Amanheceu

Amanheceu e não tinha vontade de colocar o nariz na rua. Minha amiga russa combinou de passar cedo no hotel para ficarmos na piscina. Não tinha vontade de levantar, nem de ir para piscina, nem de falar com ninguém.

 

Mas já havia combinado e nem que quisesse, haveria tempo de desmarcar. Pensei melhor e achei que talvez devesse descer e explicar a história para ela, mas não tinha vontade de falar no assunto. Então, coloquei o biquini e me propus a descer um pouco, dar a desculpa de uma dor de cabeça qualquer, o que nem era mentira, e subir logo.

 

Desci cedo, como combinado, a piscina ainda estava bem vazia, mas minha amiga não estava. Soube mais tarde que ela havia perdido a hora e não teve como me avisar a tempo. O que em outra ocasião teria sido chato, naquela foi providencial, precisava mesmo ficar um pouco sozinha.
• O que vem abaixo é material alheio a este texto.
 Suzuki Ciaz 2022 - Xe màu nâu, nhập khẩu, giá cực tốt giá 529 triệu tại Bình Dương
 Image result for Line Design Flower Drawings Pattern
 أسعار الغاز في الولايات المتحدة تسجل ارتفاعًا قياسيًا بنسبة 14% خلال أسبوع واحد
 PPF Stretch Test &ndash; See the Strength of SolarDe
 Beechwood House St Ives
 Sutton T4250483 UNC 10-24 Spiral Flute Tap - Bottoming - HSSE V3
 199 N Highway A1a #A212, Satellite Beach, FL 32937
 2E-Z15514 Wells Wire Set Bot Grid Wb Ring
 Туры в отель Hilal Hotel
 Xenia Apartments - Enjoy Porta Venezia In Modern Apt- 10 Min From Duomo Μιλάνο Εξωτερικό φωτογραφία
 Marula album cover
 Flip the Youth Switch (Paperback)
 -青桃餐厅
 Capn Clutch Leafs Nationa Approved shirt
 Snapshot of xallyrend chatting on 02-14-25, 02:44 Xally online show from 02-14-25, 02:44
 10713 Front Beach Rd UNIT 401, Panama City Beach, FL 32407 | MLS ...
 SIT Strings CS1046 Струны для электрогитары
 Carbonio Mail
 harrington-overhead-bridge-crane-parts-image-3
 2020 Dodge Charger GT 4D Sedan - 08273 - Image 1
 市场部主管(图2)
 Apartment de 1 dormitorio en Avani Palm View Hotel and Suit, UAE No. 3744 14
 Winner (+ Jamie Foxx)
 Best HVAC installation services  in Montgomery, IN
E se não tivesse marcado com ela, não teria saído do quarto, o que também foi importante.

 

Ao invés de ir à piscina, preferi a praia. Nada como o mar para viajar em pensamentos. Sentei em uma cadeirinha na beira da água, com metade do corpo dentro e metade fora. A água ali também é quente, chega a uns 37 graus e, às vezes, você se sente no meio de uma sopa.

 

Meu avô gostava de pescar no mar e quando era criança ia com ele algumas vezes, na época achava divertido. Estava no lugar correto para absorver a notícia e aceitar que ele havia morrido.

 

O estranho é que não era exatamente tristeza o que sentia. Para mim vinha muito claramente a sensação de um ciclo bem cumprido. Meu avô viveu sua vida como escolheu, construiu família e morreu de velhice. Foi duro, porém rápido entender que era uma notícia difícil e indigesta, mas não era uma má notícia.

 

O oriente trata a morte de outra maneira e, talvez por estar ali, decidi tentar fazer o mesmo. Um dia também quero morrer de velha, próxima às pessoas que me querem. Encerrei esse capítulo, ou pelo menos acreditei que havia encerrado naquele momento, decidi não falar no assunto e continuar a viagem e a vida, porque era assim que deveria ser. Mais tarde, já em Madri, percebi que havia saltado meu luto e que isso também era importante. E o retomei. Mas essa é uma outra história.

 

Quando voltei ao quarto, mais serena, havia uma mensagem da minha amiga russa. Muito sem graça ela se desculpava pelo furo, e o irônico é que eu não tinha como agradecê-la por isso. Combinamos de jantar, já com os maridos.